Along the same lines about digital habits & itunes and gmail:
[https://news.ycombinator.com/item?id=22087406](https://news.ycombinator.com/item?id=22087406)

Why do I still need to sort & remember where I put my note/email/idea? Why not
just search for keywords and bring all the relevant notes up? I do agree that
part of the problem/key is how the user inputs their idea, but the memory tool
should bring it back w/o myself remembering.

Nice execution on the tool - my criticism is in challenging what the right
recall mechanism should be vs. the input mechanism.

------
bryanrasmussen
I've often thought about wanting to build something like this, as I find
something enchanting about the memory palace idea.

However in my case I think it wouldn't do anything for me, I'm not a visual
thinker, I think in paragraphs, I understand things that are written down,
even simple diagrams of server client interaction can slow down my
understanding of what something is supposed to do in my job.

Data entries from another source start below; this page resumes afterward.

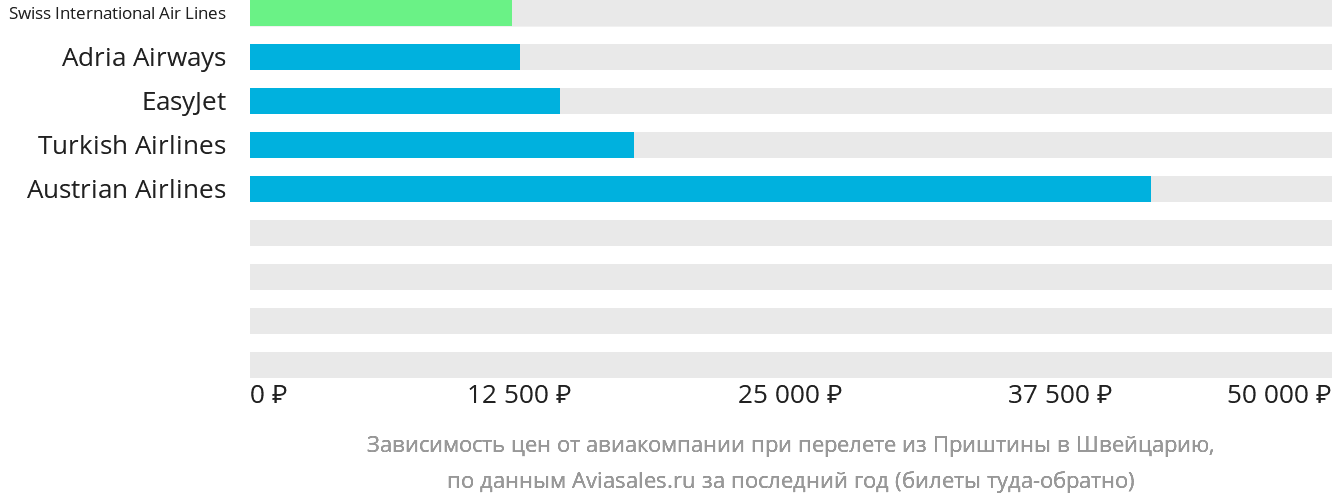 Динамика цен в зависимости от авиакомпании, совершающей перелёт из Приштины в Швейцарию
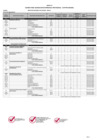 Vista preliminar de documento  ANEXO 2 - REORDENAMIENTO CAP PROVISIONAL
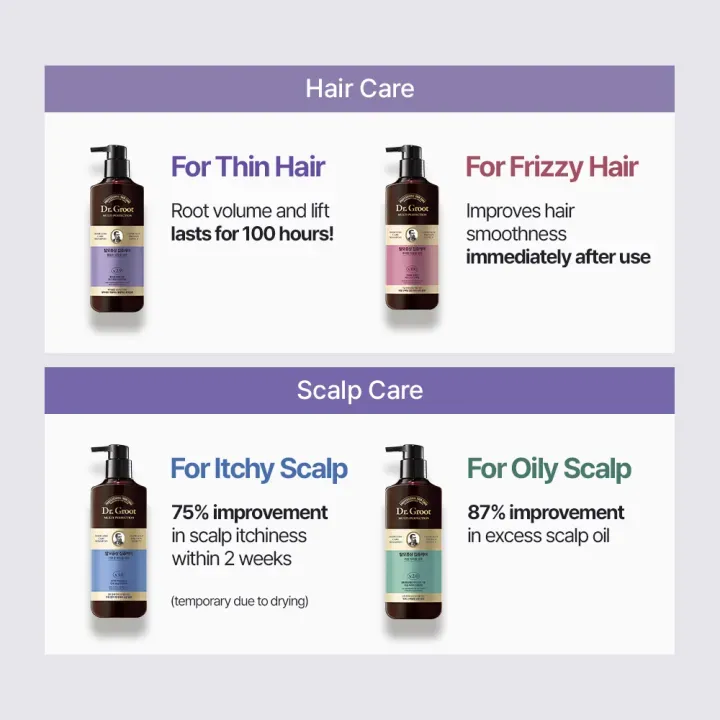 [DR. GROOT] Multi-Perfection Hair Loss Care Shampoo For Oily Scalp 400ml - Image 9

Perhaps that's
why I find it enchanting, it seems a fantasy because my brain doesn't work
that way.

All that said I think my daughter's brain works completely visually, she
struggles with language, her memory for abstraction is not good, but she is
great with visual ideas. I guess I might start her on this, however like other
people I find myself a little hesitant given that you haven't figured out a
cost for the service yet.

------
egypturnash
So what happens when I fill up an island and I want to capture an idea in the
proper place RIGHT NOW? Especially if I've got it surrounded by other islands.
Aw shit, I just lost my fragile new idea while getting distracted by
landscaping.

Also holy crap the body type in these notes is microscopic.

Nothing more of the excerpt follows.